Verfasst: Freitag 27. November 2009, 16:16
von blindfish09
Liebe Augenoptiker,

ich leide seit meiner Kindheit aufgrund einer verspäteten Schieloperation an Amblyopie auf dem rechten Auge. Der Visus links ist korrigiert (+6,0 in der Ferne, Nah + 7,75) 100%.
Der Visus rechts ist unter 0,1, sodass sich - vor allem beim Lesen und bei Bildschirmarbeit (was leider Gottes mein Beruf ist ...) - eine Diplopie in Form eines undeutlichen horizontal verschobenen "Geisterbild" störend auswirkt.
Um diese Störung weitgehend zu minimieren, habe ich seit ca 10 Jahren rechts ein unterkorrigiertes Ausgleichsglas mit Prisma (+3, Prisma 4cm/m Basis 0).
In die Jahre gekommen, wirkt sich die Altersweitsichtigkeit aus, sodass ich nun eigentlich drei Brillenstärken brauche: Fernbrille, Bildschirmbrille, Nahbrille. Das ständige Brillenwechseln ist im Arbeitsalltag schier unzumutbar.
Ich habe nun eine Gleitsichtbrille (Varilux Comfort Stylis Crizal A2) mit folgenden Werten erhalten:
R sph: Ausg cyl: +0,00 Achse 0 Add 0,00
L sph: +6,00 cyl: -0,75 Achse 80 Add: 1,75

Ich war darauf vorbereitet, dass es eine große Umstellung ist, wenn man zum ersten Mal eine Gleitsichbrille bekommt. ich bin aber tapfer, und trage sie seit ca. 2 Wochen - trotz sehr eingeschränktem Sichtfeld und leichten Kopfschmerzen - fast den ganzen Tag.

Ich muss allerdings sagen: für die Arbeit (vorwiegend Bildschirm) ist sie extrem ungeeignet, da in dem erforderlichen Abstand (mein 22"-Bildschirm steht im Portrait-Modus, also Hochkant ca. 85 cm von den Augen entfernt) liefert das linke Glas nur in einem Umkreis von ca. 20 cm ein scharfes Bild.
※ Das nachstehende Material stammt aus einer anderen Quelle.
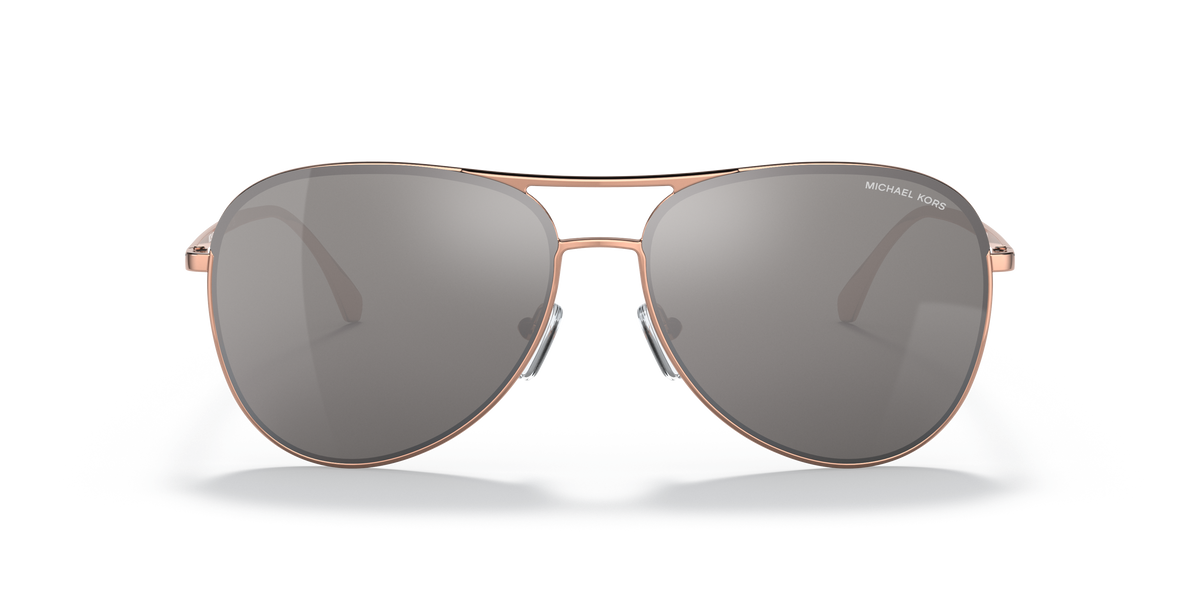 Gafas de Sol Michael Kors Kona MK1089 11086G 59 14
Ich muss also den Kopf ständig bewegen. Dies war mit meiner bisherigen Bildschirmbrille (+7,25) nicht der Fall.

Insgesamt ist der nutzbare Schärfebereich der neuen Gleitsichtbrille - je nach Abstand - von extrem winzig (beim Zeitunglesen vielleicht 2-3 cm Umkreis) bis zur Ferne (höchstens ein Drittel der horizonlalen Breite des Glases) sehr klein.

Hinzu kommt, dass sich das "Geisterbild" wieder leicht einstellt (trotz Prisma!), was die Sehschärfe weiter mindert.

In den Bereichen, wo es scharf ist, ist es gestochen scharf. Die Bereiche sind nur leider sehr, sehr eng und das "Schaukeln" vesrchwindet auch nach zwei Wochen Tragen nicht.

Bin ich zu ungeduldig?

Andererseits habe ich gelesen, sog. Freiformgläser sollen hier wesentlich besser sein.

Da ich gewohnt bin, nur mit dem linken Auge zu sehen, ist meine Augenstellung auch anders als bei beidäugig Sehenden. Dies ist in diesem Gleitsichtglas offenbar auch nicht berücksichtigt: Ich muss den Kopf immer leicht nach links drehen, um in die Schärfezone zu kommen.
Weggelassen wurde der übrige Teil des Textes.